Софья Сигизмундовна вспоминает, как Дзержинский писал за столом, держа на коленях неизвестного малыша, что-то сосредоточенно рисующего, но другой малыш, тоже неизвестный, вскарабкавшись сзади на стул и обняв Дзержинского за шею, внимательно следил за тем, как он пишет. Но этого мало. Вся комната, набитая ребятишками, гудела, сопела и пищала: здесь, оказывается, была железнодорожная станция; Дзержинский с утра собрал детский сад, понастроил поездов из спичечных коробок и каштанов, а потом уже занялся своим делом.

Дзержинский в тюрьме... Этот документ - воспоминание товарища Дзержинского, Красного:

"Мы увидели страшно грязную камеру. Грязь залепила окно, свисала со стен, а с пола ее можно было лопатами сгребать. Начались рассуждения о том, что нужно вызвать начальника, что так оставлять нельзя и т. д., как это обычно бывает в тюремных разговорах.

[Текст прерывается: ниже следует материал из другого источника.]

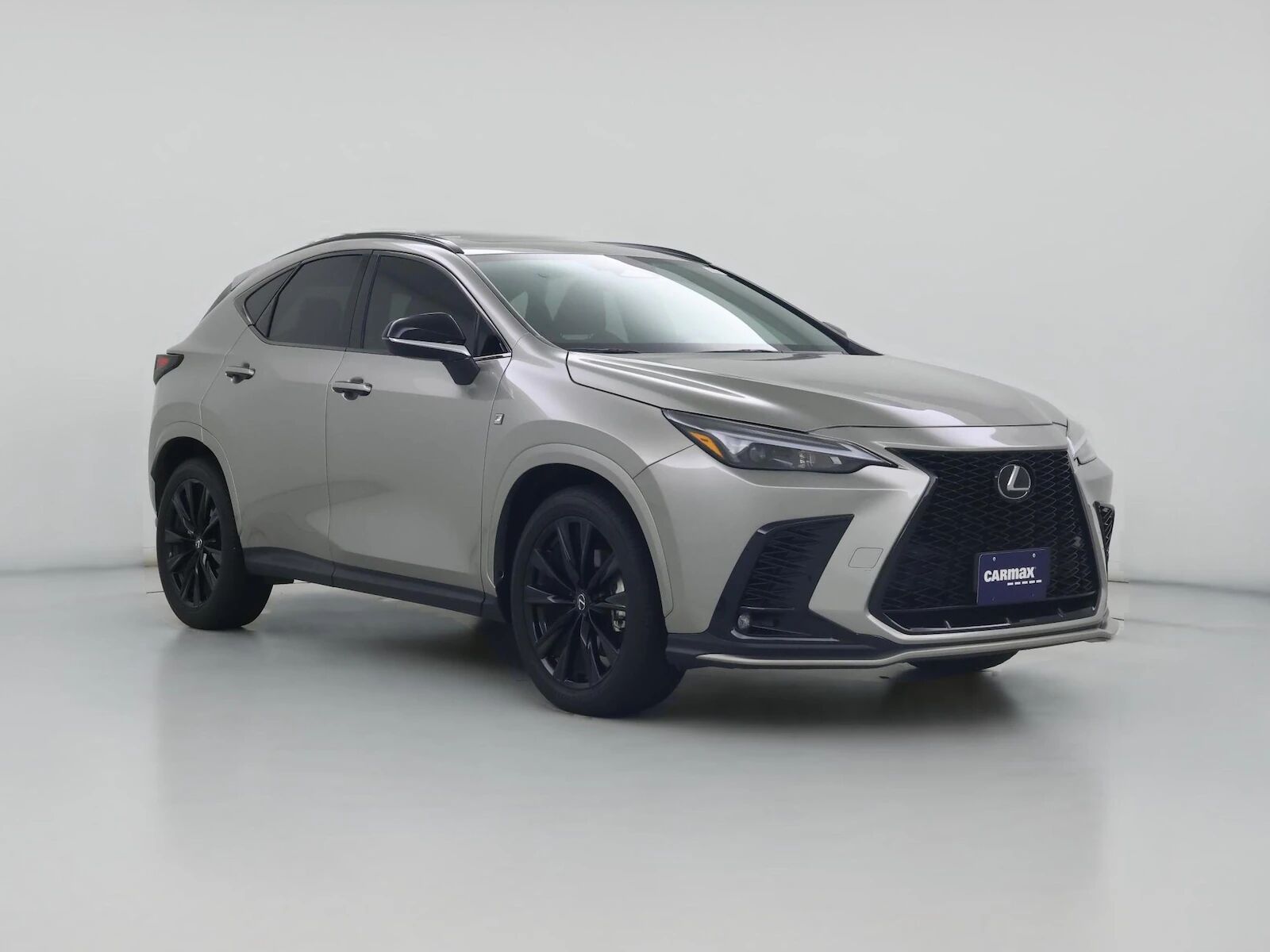 2024 LEXUS NX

Только Дзержинский не рассуждал о том, что делать: для него вопрос был ясен и предрешен. Прежде всего, он снял сапоги, засучил брюки до колен, пошел за водой, принес щетку, через несколько часов в камере все - пол, стены, окно - было чисто вымыто. Дзержинский работал с таким самозабвением, как будто уборка эта была важнейшим партийным делом. Помню, что всех нас удивила не только его энергия, но и простота, с которой он работал за себя и за других".

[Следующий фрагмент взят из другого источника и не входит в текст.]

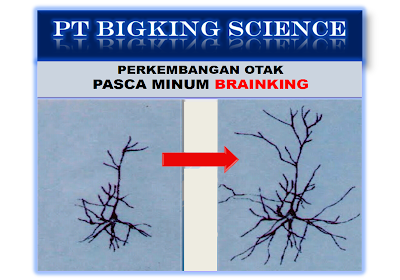 http://www.brain-king-plus.com/2016/09/branking-plus-nutrisi-otak-branking.html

Интересная подробность: никто никогда из товарищей по заключению не видел Феликса Эдмундовича в дурном настроении или подавленным. Он всегда выдумывал всякие затеи, которые могли развеселить заключенных. Ни на минуту не оставляло его чувство ответственности за своих товарищей по подполью. У него был особый нюх на "подсадных уток" - завербованных охранкой подонков, которые осуществляли свою подлейшую работу даже в камерах. Феликс Эдмундович, попавший первый раз в тюрьму из-за провокатора, никогда впоследствии не ошибался насчет "подсадных". Многих людей он спас от каторги, ссылки и тюрьмы тем, что всегда и всюду проявлял замечательное качество, которое мы сейчас именуем бдительностью.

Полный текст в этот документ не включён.